Let’s say an enemy is too far away for you to realistically hit them, like the test difficulty would be insanely high. (Defense 2 + a close range weapon at extreme range (+3) and it’s night (+1) for a test difficulty of 6) rather than, most likely, wasting your shot, assist the ally who is in optimal range, with the weapon that has a night scope on it.
That’s just one specific example, of course. Maybe you have all physical damage type weapons, and the enemy has high Physical DR but low energy DR. Assist the player with a laser gun. Blamo! Teamwork makes the raider have a very bad day indeed.
I absolutely love the 2d20 system but encounter balance and enemy strength has always been an issue. I find many enemy stats to be quite low and then when coupled with XP for everyone as opposed to a split it becomes quite an issue.
In our game what tends to happen is that the first 4-5 enemies are just fodder. PC Initiative tends to be higher than most normal NPCs which means several attacks before the enemy even get to do anything (Creatures and normal NPCs don’t have Luck Points). Then when they do go, they have target numbers significantly lower than a PC of equal level. I’ve taken to building NPCs just like PCs, it’s more time consuming but provides better opposition at equal level.
I think sometimes in Conan and Fallout the enemies aren’t designed with a group of players in mind. I can throw 10-15 NPCs at my group and it’s not even a contest - not because the PCs are optimized but because the NPCs simply aren’t great.
Can you spend AP on gaining extra meat from butchering animals besides the Mutant Hound? The Mutant Hound appears to be the only animal the rulebook mentions using AP for extra meat.
If a Missile Launcher has a barrel mod that increases the Fire Rate and a player makes use of the increased Fire Rate and uses an additional Missile to increase the CD rolled, is that increase still just +1CD per extra ammo used like in other weapons?
I rule yes. There’s nothing to indicate otherwise and it follows the general rule of game design in that the rules tell you what you can do not all the things you can’t. If it was meant to do more damage per shot the rules would say so. YMMV though.
Super Mutants can only wear Raider Armor. Does this include Raider Power Armor?
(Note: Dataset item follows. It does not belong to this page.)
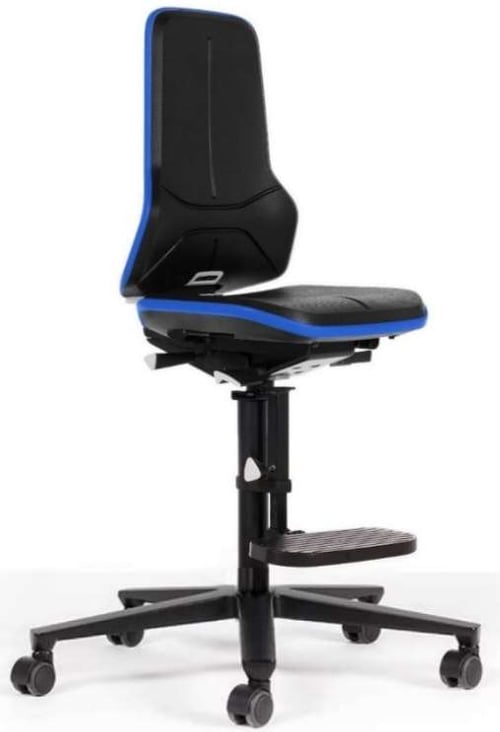 Bimos Neon Series Laboratory Stool 9571 | Bench-to-Counter Height | Freewheeling Casters with Foot Step| Black Vinyl | No Arms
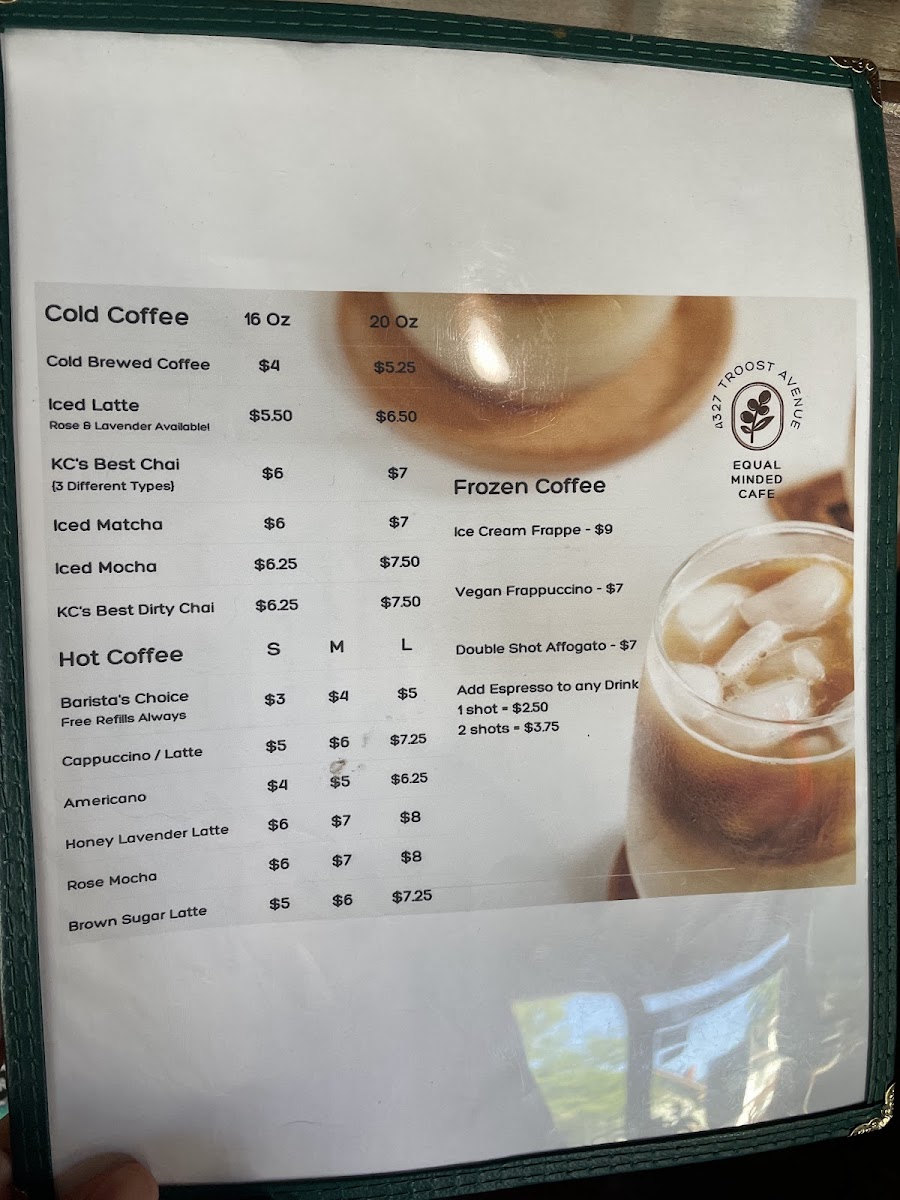 Menu Equal Minded Cafe Kc-5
One of my players is vehemently trying to justify this. I’m saying no at the moment simply because you can’t craft power armor frames, and therefore you could not modify those frames to fit a super mutant. But I’m curious on how the actual ruling would be.
If it doesn’t say then the actual ruling is what you as the GM says it is. In my game the answer is no, they cannot. The RAW says that super mutants can wear Raider Armor, nothing about power armor and when in doubt I always go with the theory of permissive rules - they tell you what you can do, not the hundreds of things you can’t.
I did decide that they can wear outfits, mainly because the idea of a super mutant in a lab coat and a formal hat sounds perfectly Fallout to me
Well, unless you go rob Frank Horrigan of his custom armor
I actually used Horrigan as the predecessor of a later Enclave experiment in the online game I was running a few years ago: Super Mutant Behemoth in customized Hellfire Power Armor
So, my players are sticklers for specifics, so I have another rules question, this time about zones.
I’m using a dry erase mat to draw out structures, obstacles, and zones.
In the top example, the PC and the enemy NPC are 1 zone away from each other, meaning the enemy is within Medium range.
In the bottom example, they’re still technically in separate zones, but they’re literally right on top of each other and would (if in the same zone) be considered within reach. How would you rule this?
This is a pretty specific example, and it hasn’t happened more than once, but the resulting argument is something I’d like to avoid in the future.